Jack could see him now, at a distance, clad only in shorts and vest, jogging along in a shower of spray. He shouted and Uncle Parker waved and veered in his direction.
“Up early,” he called. “House hasn’t gone up again, has it?”
“They’re all asleep. I couldn’t sleep.”
“I’ll tell you what,” said Uncle Parker, drawing up to him. “No more could I. And the thing that kept coming at me all night was those allfired mottoes.”
“Mottoes?”
“In all those crackers. We’ll never know what they were, now. I use ’em, you know, at dinner parties, as conversation-stoppers. The minute they start on about politics, out I come with one of my little mottoes. To tell you the truth, I collect them. Got a little book full of ’em. I wonder who thinks them up.”
“Nobody, I don’t suppose,” Jack said. “I should think they’re handed down through the generations. They’re immortal. And that reminds me …”
“I know, I know.” Uncle Parker raised a silencing hand. “You jog along back with me, and I’ll tell all.”
“I don’t know if Zero’s up to jogging.” Jack eyed him dubiously. “Do his ears look droopy to you?”
“He’s not much of a livewire at the best of times.” Uncle Parker in turn surveyed him. “On the other hand, he did have a bit of a raw deal yesterday. If he had any spirit, he’d take a piece out of Daisy’s leg.”

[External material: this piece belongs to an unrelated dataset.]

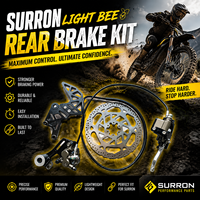 Support d'étrier de frein arrière CNC 7075 en aluminium pour Surron Light Bee LBX/Talaria X3, pour moto tout-terrain électrique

“He’d never!” Jack was shocked.
“To be frank –” Uncle Parker started jogging and Jack kept up – “I was about ready to take a piece out of her leg myself. All those mottoes!”
“What about being immortal, then?” Uncle Parker would keep going off on different tacks if he were not pinned down.
“Ah. Well. What I’ve hatched up for you, young Jack, is going to shake that family of yours to its foundations. To its core.”
“It is?”
“What you are going to be,” Uncle Parker told him, as they entered the field that was the home straight to The Knoll, “is a prophet.”
Jack was struggling to keep up. He was a full foot shorter than Uncle Parker and what was a jog to him was an all-out striding for Jack.
“You mean—?” He was bewildered. “Make a profit? Be in business? But I said nothing to do with figures.”
Uncle Parker stopped so suddenly that Jack was several yards past him before he realised, and had to turn back.
“What I mean,” he said, “is that you are to become a mystery, an enigma, a mystically gifted being beyond all ken. Beyond anybody’s ken.”
There was quite a long silence then, which allowed Zero to catch up.
“It was what you said yourself, yesterday,” Uncle Parker said. “About going into a trance.”
“Oh, I wasn’t in a real one,” Jack assured him hastily. “All I meant—”
“I know you weren’t in a real one,” said Uncle Parker. “But what if you had been?”
They looked at one another.
“What,” said Uncle Parker pregnantly, “if you’d been having a Vision?”
“B-but I never do have visions. I’ve never had one in my whole life. I—”
“From now on,” Uncle Parker told him firmly, “you will have Visions. Frequently. You will also hear Voices.”
“W-will I?”
“You will receive,” said Uncle Parker, “Messages.”